How come Christians mostly talk to similar-minded folks?

When I was training to be a preacher in the early 90s, the most attuned preaching prof advised that we preach as if unbelieving visitors were present.

The basis of this advice was a conception that if Jesus Christ brings any difference to, say, your money management, that same ability to bring faith to bear would apply to people who don’t come with faith, as it would apply to people who don’t see how the good news might apply to money management.

Translation: Advice to unbelievers could benefit believers too.

Believers live in the world too, not always relying on a faith approach (surprise!), talking a secular language should work for both kinds of hearers.

The radical idea under the advice is that hearers don’t have to have crossed the threshold into believerdom before they can benefit from a church message.

Contradicting many people, that’s saying: There is not a salvation message, and then a second step, a holiness message.

There is one message of faith in the risen Messiah of Israel, Jesus.

The message is for believers who need to put it into practice, also for unbelievers who need to put it into practice.

So: Preach as if unbelieving visitors are present.

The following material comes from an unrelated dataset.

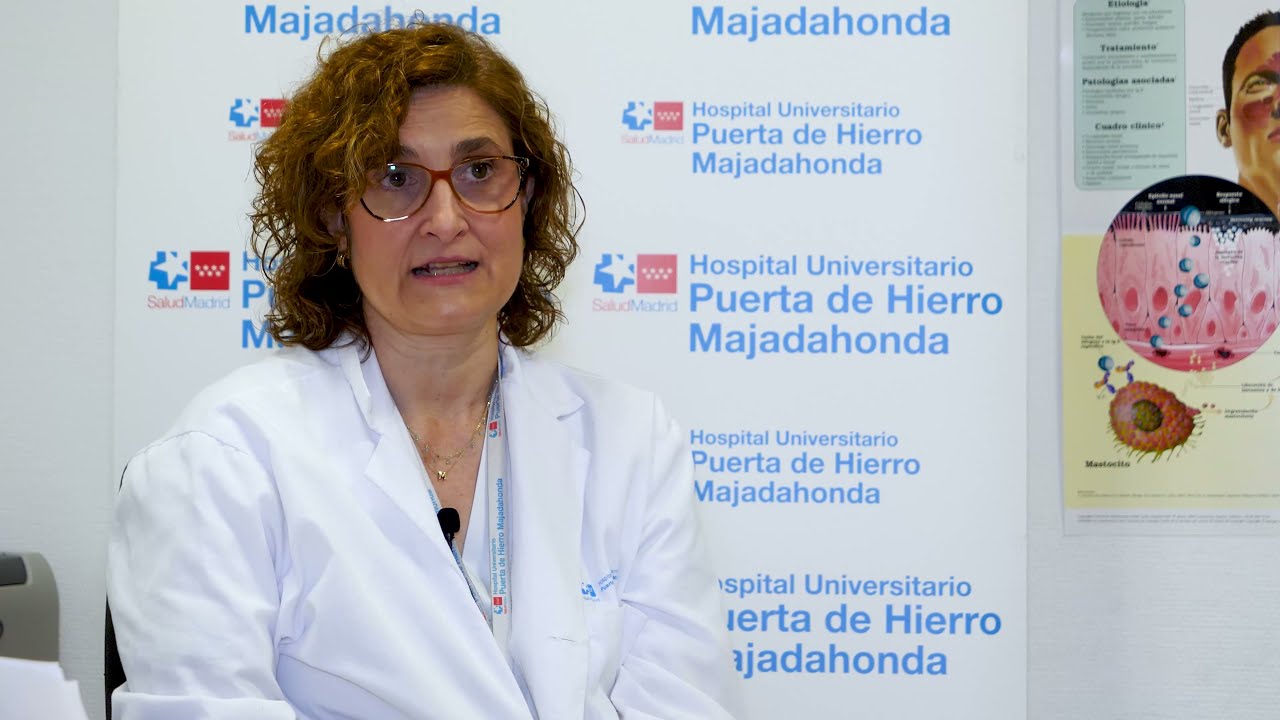 Rinitis alérgica: síntomas, diagnóstico y tratamiento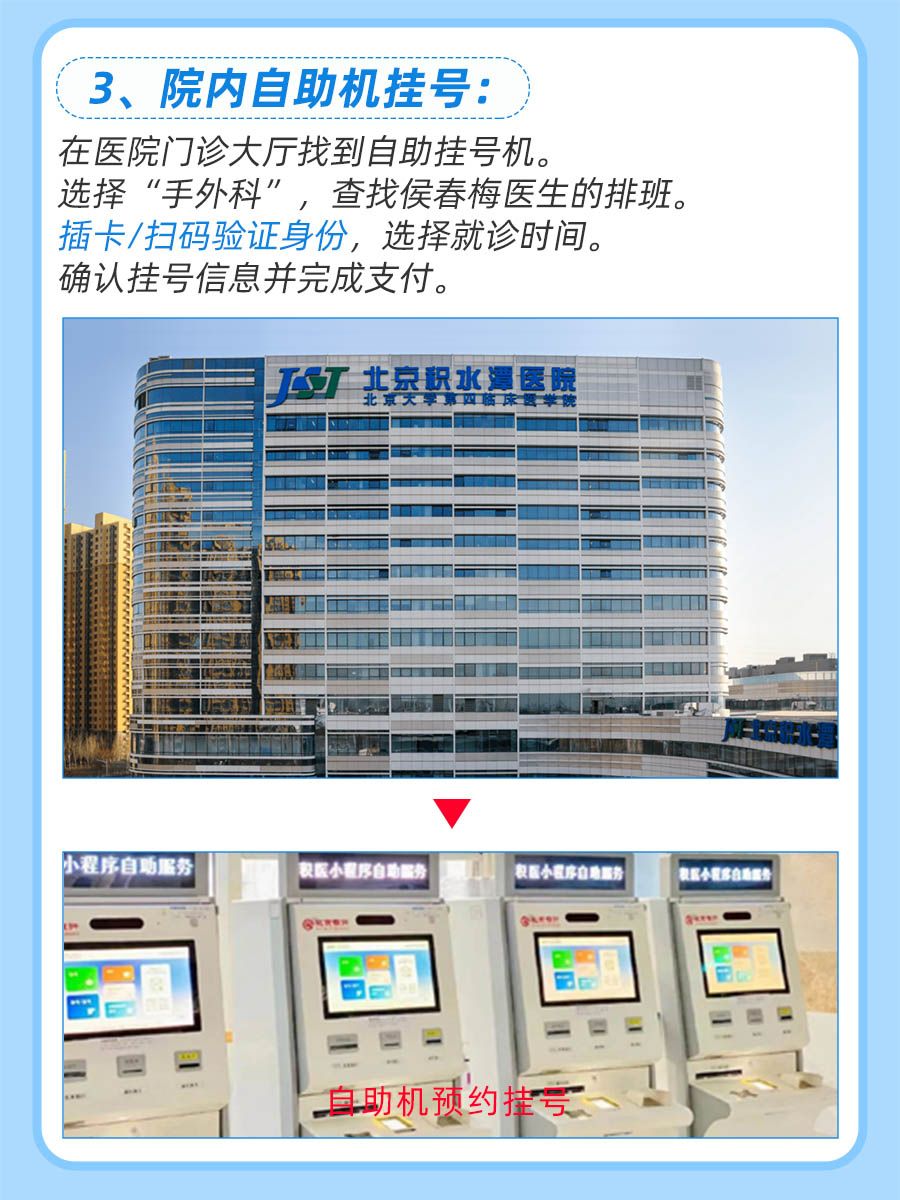 北京积水潭医院侯春梅医生怎么样？怎么挂号？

The believers will hear you better too.


When I actually got into a church and had to deliver each Sunday, the advice proved hard to implement.

I don’t know exactly why it was so hard to speak as if pre-faith folks were present.

Many messages I developed seemed likely to matter only to church folks.

I’d take a verse, think it through, develop a pile of possible implications, make it as practical as I could.

But as soon as you yield to the temptation to talk in-house on just one day, you are sunk because the members will not know for sure if you are in-house or whole city on any given day. So your Sunday morning space will not be automatically safe for pre-faith people. They might be subject to something that does not concern them.

I was somewhat successful in a wide audience message when I knew for sure that there would be mainly non-church folks present.

The mighty focusing reality forced me to think through the language and thought forms.

I read over my messages now, ten years later, and here is what I think.

These talks might be OK if only church folks were there, but for anyone else they are so dusty. They probably talk past people.

Why, for example, is a post I just made about death so out of it? It seems very Sixties as I read it.

The post tries to get “under” death as a taken-for-granted reality by acknowledging secular ways of dealing with death (that’s the Kubler Ross introduction).

Then I use literature (a Tolstoy story from the late 1800s) to show the horror of death when you are in a process that we tend to ignore during life. Just as Illich ignored the coming reality until struck down.

But, here’s a problem.

People today display no fear of death.

They might even shrug if you talked about it.

“No one knows what happens.”

The conception of sin that drove the fear has evaporated in the era of Freud and more recent therapies.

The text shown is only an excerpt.